UNE HISTOIRE D’AMOUR ET DE DÉSIR
Écrit et réalisé par Leyla BOUZID – France / Tunisie 2021 1h43 VOSTF – avec Sami Oultalbali, Zbeida Belhajamor, Diong-Kéba Tacu, Aurélia Petit…
Du 29/09/21 au 19/10/21
Sans jouer au vieillard nostalgique, il fut un temps pas si lointain où bon nombre de filles et de garçons construisaient leur premier imaginaire sexuel grâce à la littérature érotique, le pouvoir des mots sur la sexualité étant infini. Votre serviteur est ainsi tombé très tôt – et par hasard – sur La Philosophie dans le boudoir de Sade, qui a changé pas mal sa vie. L’accès trop facile pour les ados aux images pornographiques et à leur vision formatée et le plus souvent sexiste n’existait pas et franchement ça n’était pas plus mal.

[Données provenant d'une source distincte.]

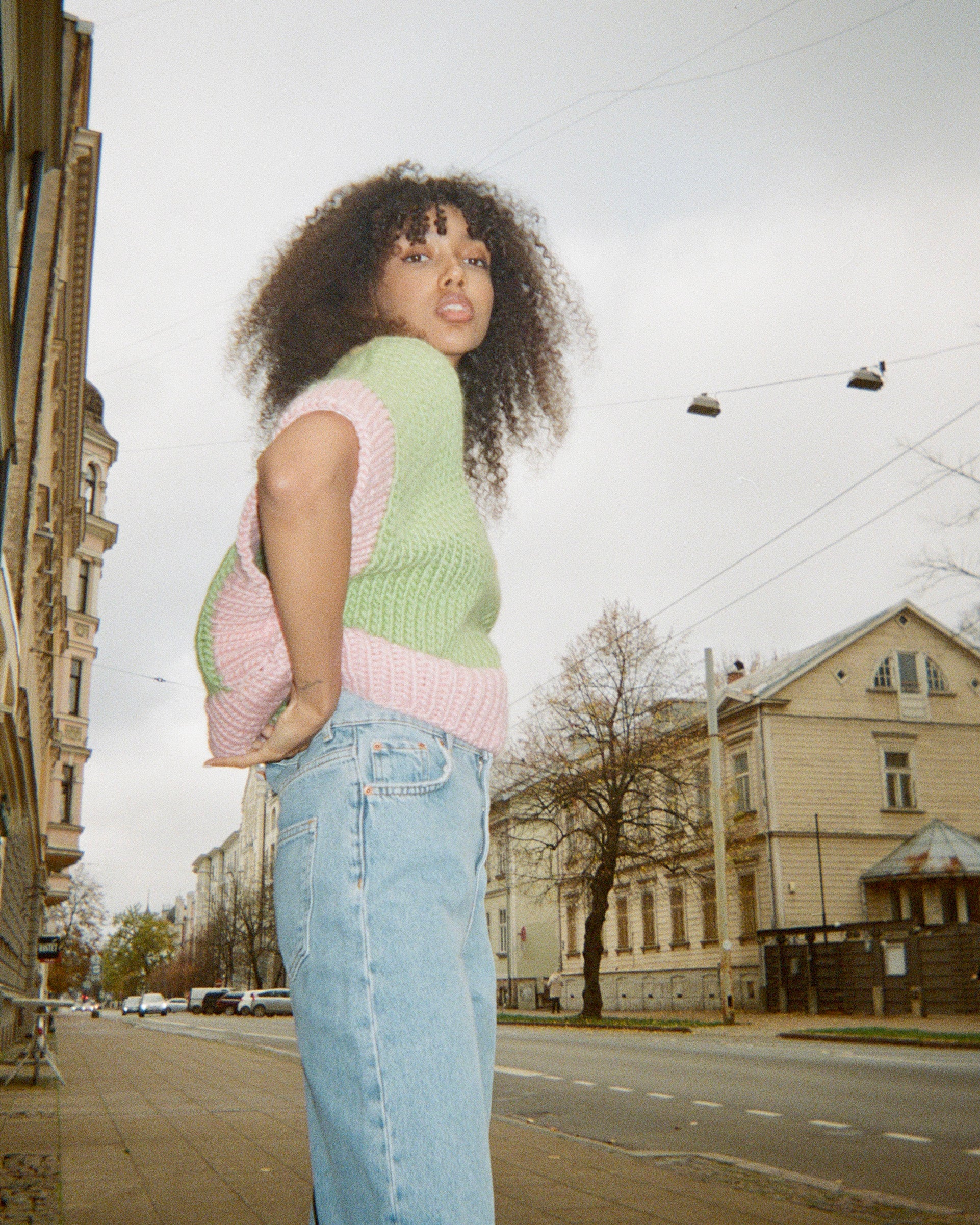 A woman in jeans and a vest posing on a street in a casual and stylish manner.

Le très délicat et envoûtant Une histoire d’amour et de désir évoque une initiation amoureuse et littéraire, c’est si rare ! Et qui plus est à travers le personnage d’un garçon, brisant ainsi ce présupposé comme quoi la fragilité et la pudeur seraient des valeurs essentiellement féminines.
Voici donc l’histoire d’Ahmed, un jeune homme issu d’une famille algérienne vivant dans un quartier populaire, qui fait sa première rentrée sur les bancs de la Sorbonne pour entamer des études littéraires. Il va faire une rencontre qui va bouleverser son petit cœur et un peu plus que ça, en la personne de Farah, une jeune Tunisienne fraîchement arrivée à Paris, aussi libre et à l’aise que notre Ahmed est taiseux et timide. La rencontre a lieu à l’occasion d’un cours de littérature dans lequel est enseignée la tradition érotique arabe, d’une richesse méconnue de beaucoup – qui croient que seuls les contes des Mille et une nuits ont mis un peu de piment dans le monde arabe médiéval.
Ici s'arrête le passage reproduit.